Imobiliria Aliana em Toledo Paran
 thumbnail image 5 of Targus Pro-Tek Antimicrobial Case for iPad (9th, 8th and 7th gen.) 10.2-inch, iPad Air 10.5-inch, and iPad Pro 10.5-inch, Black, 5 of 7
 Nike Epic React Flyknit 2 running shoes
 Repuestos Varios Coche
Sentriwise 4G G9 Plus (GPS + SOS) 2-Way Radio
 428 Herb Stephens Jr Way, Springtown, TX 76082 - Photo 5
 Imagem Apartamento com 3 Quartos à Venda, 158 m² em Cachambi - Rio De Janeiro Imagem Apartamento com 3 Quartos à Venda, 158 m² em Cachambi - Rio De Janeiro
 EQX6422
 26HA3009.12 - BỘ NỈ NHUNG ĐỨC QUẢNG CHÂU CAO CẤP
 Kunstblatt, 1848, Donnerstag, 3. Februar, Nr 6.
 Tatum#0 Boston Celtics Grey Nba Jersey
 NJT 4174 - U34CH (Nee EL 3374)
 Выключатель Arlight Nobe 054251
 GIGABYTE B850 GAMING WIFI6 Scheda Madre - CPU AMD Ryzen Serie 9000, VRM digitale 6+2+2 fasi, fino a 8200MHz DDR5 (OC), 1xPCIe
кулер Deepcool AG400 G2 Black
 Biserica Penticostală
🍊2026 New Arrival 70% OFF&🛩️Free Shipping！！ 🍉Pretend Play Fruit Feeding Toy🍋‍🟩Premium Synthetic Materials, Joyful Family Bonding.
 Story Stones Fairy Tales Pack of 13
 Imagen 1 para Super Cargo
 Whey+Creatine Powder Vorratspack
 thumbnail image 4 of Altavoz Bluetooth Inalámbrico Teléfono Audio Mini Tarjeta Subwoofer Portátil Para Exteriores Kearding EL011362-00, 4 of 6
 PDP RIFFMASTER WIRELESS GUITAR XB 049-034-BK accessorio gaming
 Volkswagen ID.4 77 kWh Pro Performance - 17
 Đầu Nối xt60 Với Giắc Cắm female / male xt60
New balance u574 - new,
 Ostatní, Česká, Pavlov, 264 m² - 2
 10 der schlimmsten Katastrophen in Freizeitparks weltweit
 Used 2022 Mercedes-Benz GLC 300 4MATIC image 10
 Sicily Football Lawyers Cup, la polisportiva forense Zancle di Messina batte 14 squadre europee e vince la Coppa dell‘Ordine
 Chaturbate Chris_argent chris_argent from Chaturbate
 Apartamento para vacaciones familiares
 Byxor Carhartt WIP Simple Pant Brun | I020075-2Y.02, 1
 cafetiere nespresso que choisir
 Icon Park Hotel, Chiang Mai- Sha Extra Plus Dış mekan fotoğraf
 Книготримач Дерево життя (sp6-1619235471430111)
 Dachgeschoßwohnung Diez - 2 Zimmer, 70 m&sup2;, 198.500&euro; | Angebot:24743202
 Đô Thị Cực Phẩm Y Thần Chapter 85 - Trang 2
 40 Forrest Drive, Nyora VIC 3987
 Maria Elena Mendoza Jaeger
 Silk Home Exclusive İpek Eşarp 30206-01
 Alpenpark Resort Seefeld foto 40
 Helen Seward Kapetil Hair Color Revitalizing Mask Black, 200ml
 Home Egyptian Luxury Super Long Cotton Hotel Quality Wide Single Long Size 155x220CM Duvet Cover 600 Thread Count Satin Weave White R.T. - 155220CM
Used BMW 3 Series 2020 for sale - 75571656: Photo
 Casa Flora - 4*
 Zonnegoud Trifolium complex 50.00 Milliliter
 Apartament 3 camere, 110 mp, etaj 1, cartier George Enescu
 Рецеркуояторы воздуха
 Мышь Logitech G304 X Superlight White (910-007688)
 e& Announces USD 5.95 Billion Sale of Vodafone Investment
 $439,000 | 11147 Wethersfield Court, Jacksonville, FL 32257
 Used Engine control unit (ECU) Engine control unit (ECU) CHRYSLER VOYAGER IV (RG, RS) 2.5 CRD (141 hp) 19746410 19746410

^^^^^^^^

Problem statement: Retype the data exactly as given.

Answer space:
Imobiliria Aliana em Toledo Paran
 thumbnail image 5 of Targus Pro-Tek Antimicrobial Case for iPad (9th, 8th and 7th gen.) 10.2-inch, iPad Air 10.5-inch, and iPad Pro 10.5-inch, Black, 5 of 7
 Nike Epic React Flyknit 2 running shoes
 Repuestos Varios Coche
Sentriwise 4G G9 Plus (GPS + SOS) 2-Way Radio
 428 Herb Stephens Jr Way, Springtown, TX 76082 - Photo 5
 Imagem Apartamento com 3 Quartos à Venda, 158 m² em Cachambi - Rio De Janeiro Imagem Apartamento com 3 Quartos à Venda, 158 m² em Cachambi - Rio De Janeiro
 EQX6422
 26HA3009.12 - BỘ NỈ NHUNG ĐỨC QUẢNG CHÂU CAO CẤP
 Kunstblatt, 1848, Donnerstag, 3. Februar, Nr 6.
 Tatum#0 Boston Celtics Grey Nba Jersey
 NJT 4174 - U34CH (Nee EL 3374)
 Выключатель Arlight Nobe 054251
 GIGABYTE B850 GAMING WIFI6 Scheda Madre - CPU AMD Ryzen Serie 9000, VRM digitale 6+2+2 fasi, fino a 8200MHz DDR5 (OC), 1xPCIe
кулер Deepcool AG400 G2 Black
 Biserica Penticostală
🍊2026 New Arrival 70% OFF&🛩️Free Shipping！！ 🍉Pretend Play Fruit Feeding Toy🍋‍🟩Premium Synthetic Materials, Joyful Family Bonding.
 Story Stones Fairy Tales Pack of 13
 Imagen 1 para Super Cargo
 Whey+Creatine Powder Vorratspack
 thumbnail image 4 of Altavoz Bluetooth Inalámbrico Teléfono Audio Mini Tarjeta Subwoofer Portátil Para Exteriores Kearding EL011362-00, 4 of 6
 PDP RIFFMASTER WIRELESS GUITAR XB 049-034-BK accessorio gaming
 Volkswagen ID.4 77 kWh Pro Performance - 17
 Đầu Nối xt60 Với Giắc Cắm female / male xt60
New balance u574 - new,
 Ostatní, Česká, Pavlov, 264 m² - 2
 10 der schlimmsten Katastrophen in Freizeitparks weltweit
 Used 2022 Mercedes-Benz GLC 300 4MATIC image 10
 Sicily Football Lawyers Cup, la polisportiva forense Zancle di Messina batte 14 squadre europee e vince la Coppa dell‘Ordine
 Chaturbate Chris_argent chris_argent from Chaturbate
 Apartamento para vacaciones familiares
 Byxor Carhartt WIP Simple Pant Brun | I020075-2Y.02, 1
 cafetiere nespresso que choisir
 Icon Park Hotel, Chiang Mai- Sha Extra Plus Dış mekan fotoğraf
 Книготримач Дерево життя (sp6-1619235471430111)
 Dachgeschoßwohnung Diez - 2 Zimmer, 70 m&sup2;, 198.500&euro; | Angebot:24743202
 Đô Thị Cực Phẩm Y Thần Chapter 85 - Trang 2
 40 Forrest Drive, Nyora VIC 3987
 Maria Elena Mendoza Jaeger
 Silk Home Exclusive İpek Eşarp 30206-01
 Alpenpark Resort Seefeld foto 40
 Helen Seward Kapetil Hair Color Revitalizing Mask Black, 200ml
 Home Egyptian Luxury Super Long Cotton Hotel Quality Wide Single Long Size 155x220CM Duvet Cover 600 Thread Count Satin Weave White R.T. - 155220CM
Used BMW 3 Series 2020 for sale - 75571656: Photo
 Casa Flora - 4*
 Zonnegoud Trifolium complex 50.00 Milliliter
 Apartament 3 camere, 110 mp, etaj 1, cartier George Enescu
 Рецеркуояторы воздуха
 Мышь Logitech G304 X Superlight White (910-007688)
 e& Announces USD 5.95 Billion Sale of Vodafone Investment
 $439,000 | 11147 Wethersfield Court, Jacksonville, FL 32257
 Used Engine control unit (ECU) Engine control unit (ECU) CHRYSLER VOYAGER IV (RG, RS) 2.5 CRD (141 hp) 19746410 19746410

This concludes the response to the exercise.